Ein zusätzlicher Nässeschutz ist sicher auch von Vorteil, allerdings sollte dieser nicht aus Gummi oder Plastik sein, da die Hautatmung dadurch behindert wird. Es gibt auch solche aus einem sehr dichten Baumwollgewebe.

Die Decke zum Zudecken sollte nicht zu warm sein (auf einen Polster verzichten!)
Zum Wickeln eignet sich eine Kommode, in der man auch gleich diverse Windeln und Pflegemittel unterbringen kann oder ein Tisch mit einer Wickelauflage. Es gibt auch Metallgestelle mit weicher Wickelauflage, die man über der Badewanne anbringen kann (das ist vor allem eine sehr platzsparende Lösung)

Für die Babypflege möglichst ein hochwertiges Babyöl (ohne Zusatzstoffe) bereit halten, Watte, Zellstofftücher, eine Wundschutzcreme und eine Babynagelschere. Zwei Pakete Wegwerfwindeln in der kleinsten Größe oder ca. 10 Stoffwindeln sollten als Vorrat reichen. Den dazugehörigen Windelkübel nicht vergessen (mög-lichst einer, der gut abdichtet).
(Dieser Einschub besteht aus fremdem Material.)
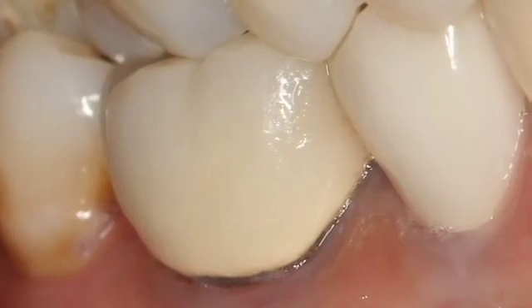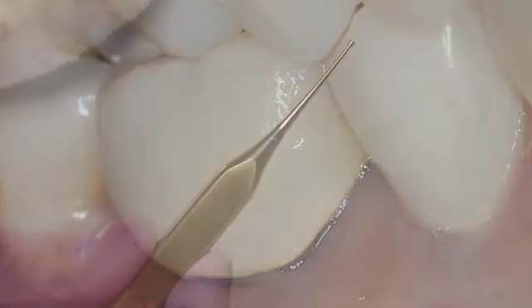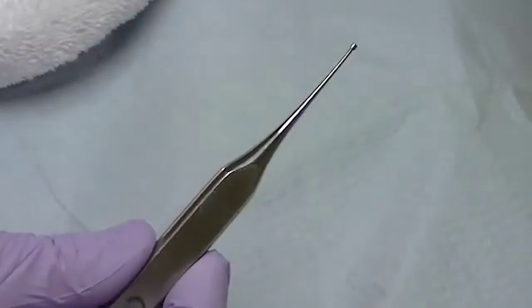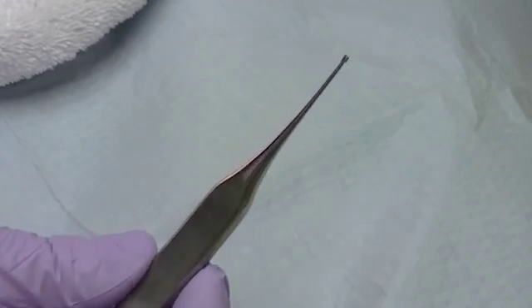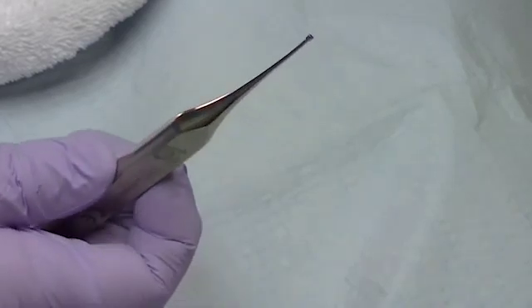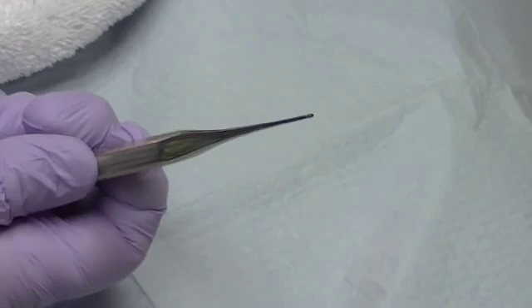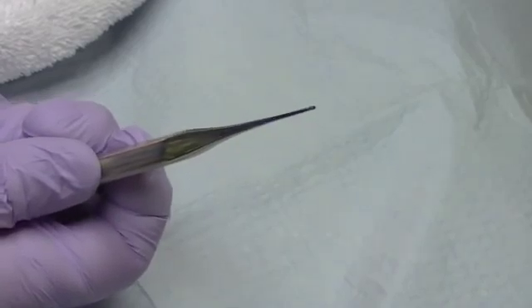Here we want to demonstrate a different technique. To remove the crown, we're going to use a really innovative tool called the Golden Whamkey. The Whamkey is a series of three instruments, and you can see the shape of it. There's a little ball on the end, and we're going to use this ball to remove the crown without sectioning the crown in total. You can see the unique design of the instrument.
Eine Babyplastikbadewanne plus Badethermometer ist auch von großem Nutzen.

Beim Kauf eines Kinderwagens möglichst gleich ein Kombimodell wählen. Eine große Babytasche, in welcher man alle Utensilien (vom Babyfläschchen über Windeln bis zum Schnuller) alles mitschleppen kann.
Sitzschalen für den Transport des Babys im Auto, in denen es halb sitzt und liegt. Diese werden entgegen der Fahrtrichtung befestigt, man kann diese auch am Beifahrersitz anbringen (allerdings nur bei Autos ohne Airbag!). Autofahrerclubs (ARBÖ, ÖAMTC) bieten auch Autositze zu einem günstigen Preis zum Ausborgen an. Außerdem kann man Baby-Sitzschalen noch in Kinderfachgeschäften wie Dohnal oder Gutwein ausleihen.
Auch auf den Entbindungsstationen (z.B. Goldenes Kreuz) lohnt es sich diesbezüglich nachzufragen.